Tag Archives: Blogs

Dear New York Times: Please read “Free” by Chris Anderson

It’s a good day at my house.  My Wired subscription has arrived with 2 issues in the mail today!  However, it’s not a totally great day.  You see The New York Times announced yesterday that they will start charging for unlimited online access in January 2011.  Find it at: http://www.nytimes.com/2010/01/21/business/media/21times.html?em 

Here’s my letter.

Dear New York Times:

I heart you.  I really, really do.  I love your newspaper, your writers, the quality of your content and I know your employees are great.  I frequently link to your website.  I’ve done it over the years – to my co-workers, my friends and now I link to you via my blog (veritablefount.wordpress.com) and my Twitter account (twitter.com/julieaeastman).  I even have your iPhone app (thanks for making that available for free, BTW).

I’m a newspaper reader from way back.  I was a raised in a small farm community (pop. around 350) and we had a weekly newspaper published in town.  Where else could you read about the neighbors gathering for coffee and cake where “a good time was had by all?”  Those were the good, old days.

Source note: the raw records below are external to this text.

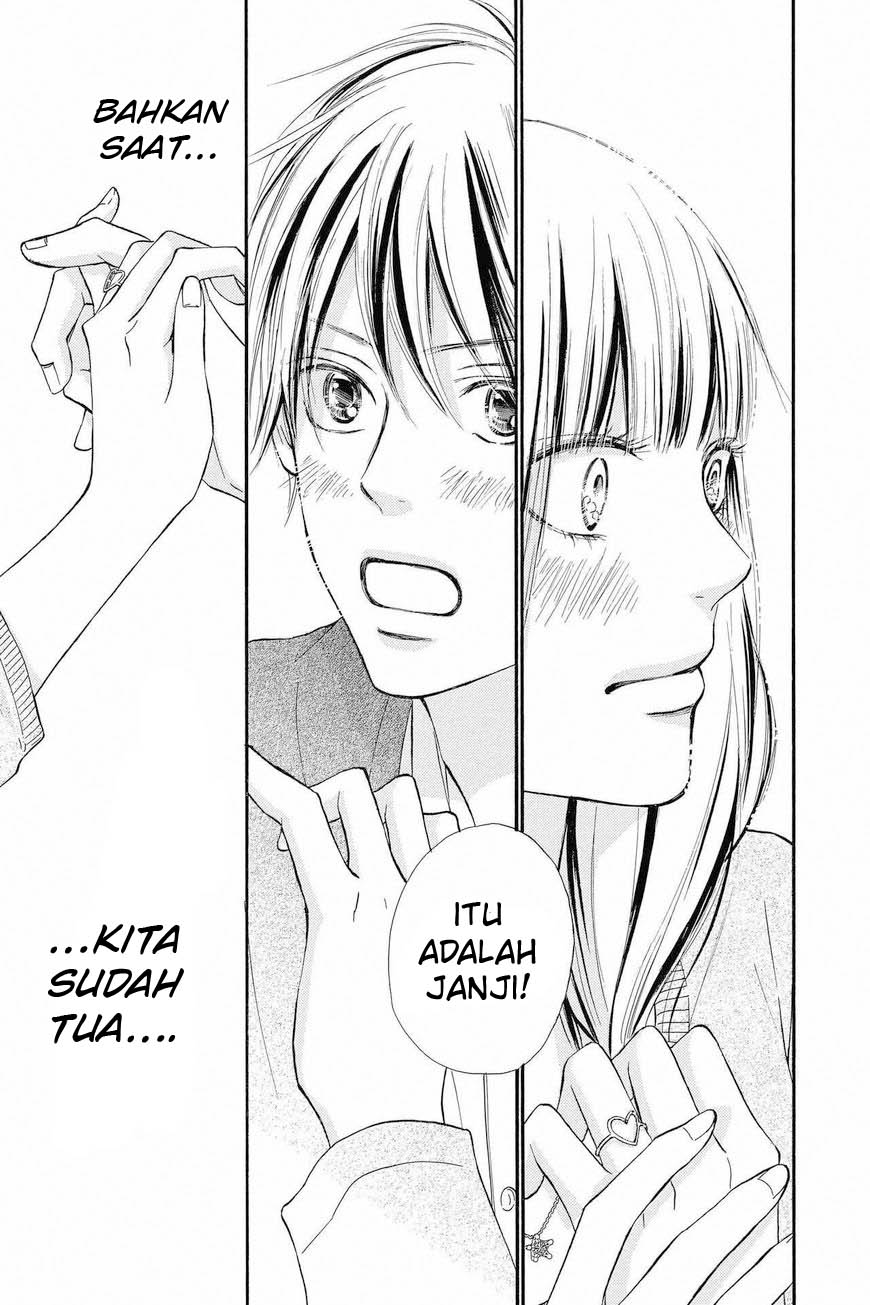 Kimi ni Todoke Chapter 114 Gambar 26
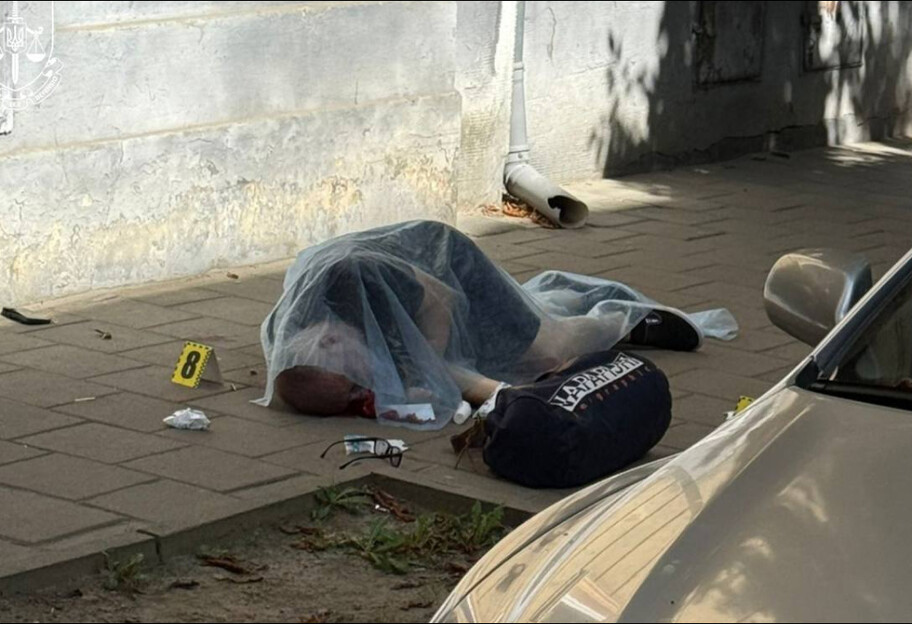 Убийство Андрея Парубия, вероятно, заказала россия — Нацполиция - фото 1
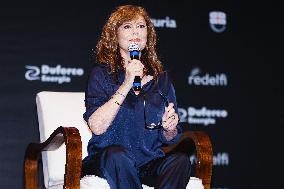 Susan Sarandon At Riviera International Film Festival - Italy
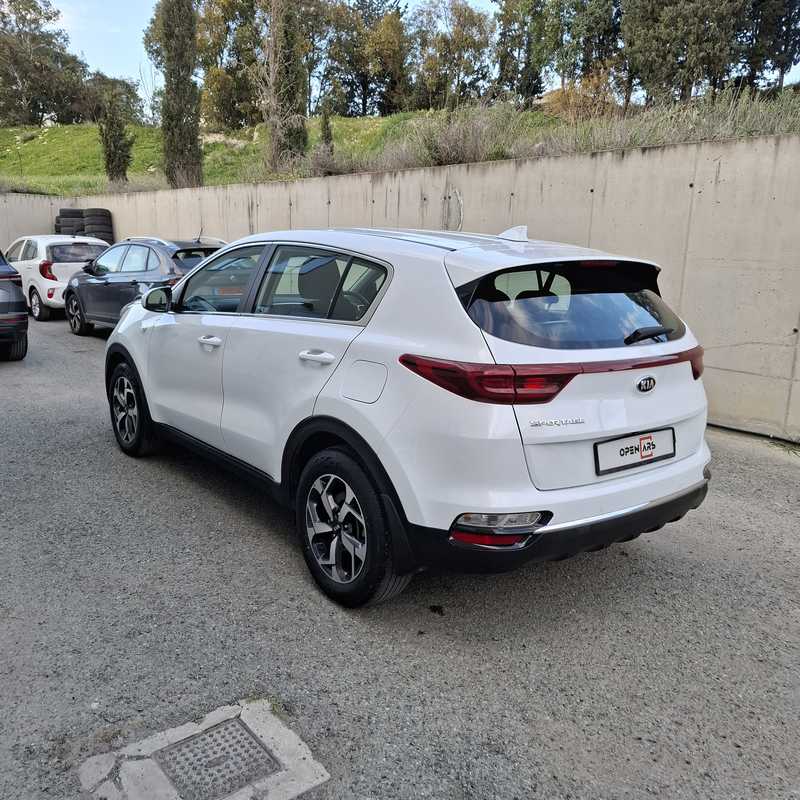 2021 KIA Sportage 1,6L 2021 Cyprus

I feel for the struggles your industry is going through.  I wish I could do more to help you out.  I occasionally do purchase a hard copy of the NYT – especially when you are on an airline flight and you are a captive audience with no access to the internet.  Of course, I haven’t flown in the last month so maybe reading big newspapers in coach is verboten now – who knows…

But like others in these economic times, I’m in transition.  Certain items are no longer in the budget – you have to find alternatives.  Fortunately, for me I practically live at the library and they still subscribe to the hard copy of the New York Times.  So there’s that.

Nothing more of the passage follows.